In this article, I hope to explain what I know about this problem, with links to information elsewhere on the 'net. Some of those resources include workarounds, but in my experiments, those are not completely reliable in eliminating the core dumps. I'll explain why I think that is.
It's important to stress that at the time of this article's publishing, I do not have a complete solution, and am not even sure one exists. I'll note further that this is not specifically a Python problem and in fact has been described within the Ruby community. It is endemic to common idioms around the use of fork() without exec*() in scripting languages, and is caused by changes in the Objective-C runtime in macOS 10.13 High Sierra and beyond. It can also be observed in certain "prefork" servers.
What is forking?
I won't go into much detail on this, since any POSIX programmer should be well acquainted with the fork(2) system call, and besides, there are tons of other good resources on the 'net that explain fork(). For our purposes here, it's enough to know that fork() is a relatively inexpensive way to make an exact copy of the current process, creating a child process in the, um, process! The parent process continues to run unchanged, and is isolated from the child process in every important way.

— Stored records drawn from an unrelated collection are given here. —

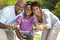 Happy African American Family & Girl Riding Bike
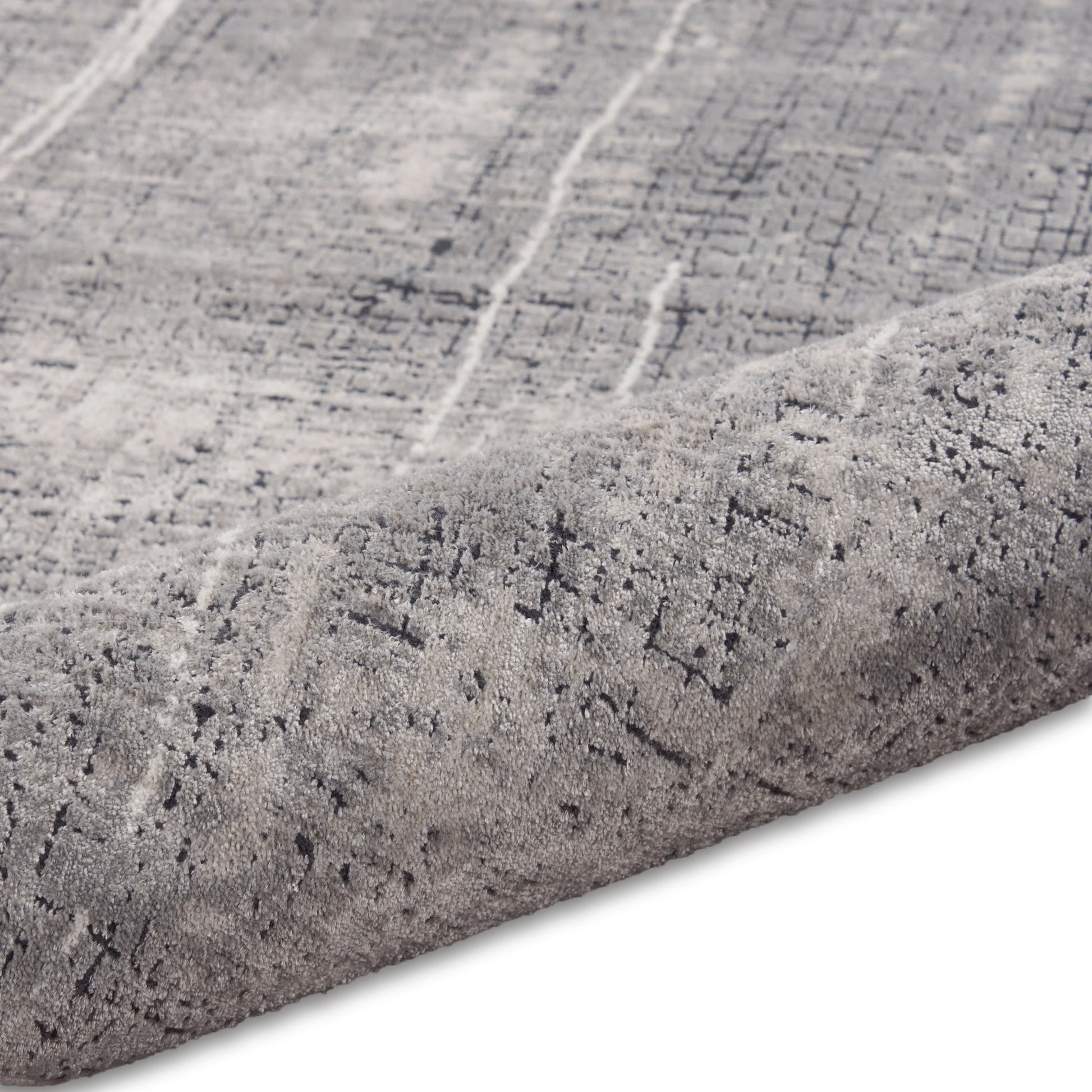 Light gray distressed patterned rug with dark gray lines, plush low-pile, rolled edge.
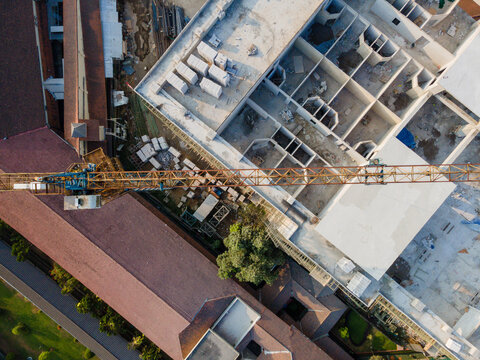 Aerial view of a construction site with a large crane hovering over a building structure, surrounded by rooftops and greenery in Banyumas Regency, Central Java, Indonesia.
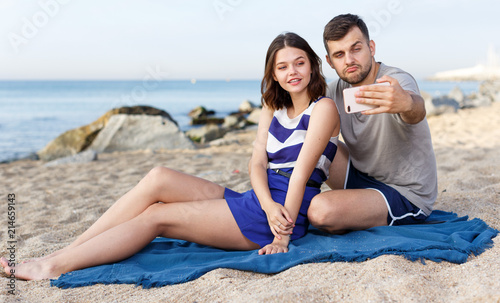 Young loving couple resting and taking selfie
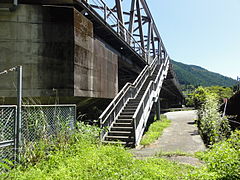 Station entrance on the north side of the bridge. The stairs lead to a walkway which runs along the length of the bridge.
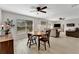 Inviting dining area featuring wood floors, a ceiling fan and views into the living room at 2916 Woodcrest Dr, Sarasota, FL 34239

fork(2) returns 0 to the child, and the process id (pid) of the child to the parent, so in the code example above, that's why we check the return code of os.fork() to know whether we're in the child or parent.
There are lots of icky semantics when fork() is used with threads, so it's generally a bad idea to use fork in multithreaded applications. However, even in single threaded applications, fork() can cause problems on macOS.
What about exec?
It is very common to call one of the exec*() family of functions right after calling fork(). The exec*() functions replace the current process with a new image, by executing the code in a file given by the first parameter to exec*(). This is one of the most common pairs of calls to run new programs on POSIX -- first you fork() to get a child process, then the child exec's the new file, and you now have two independent processes running. This common idiom is always safe since the child process after the fork() is replaced by the new program. macOS fully supports the exec-after-fork model.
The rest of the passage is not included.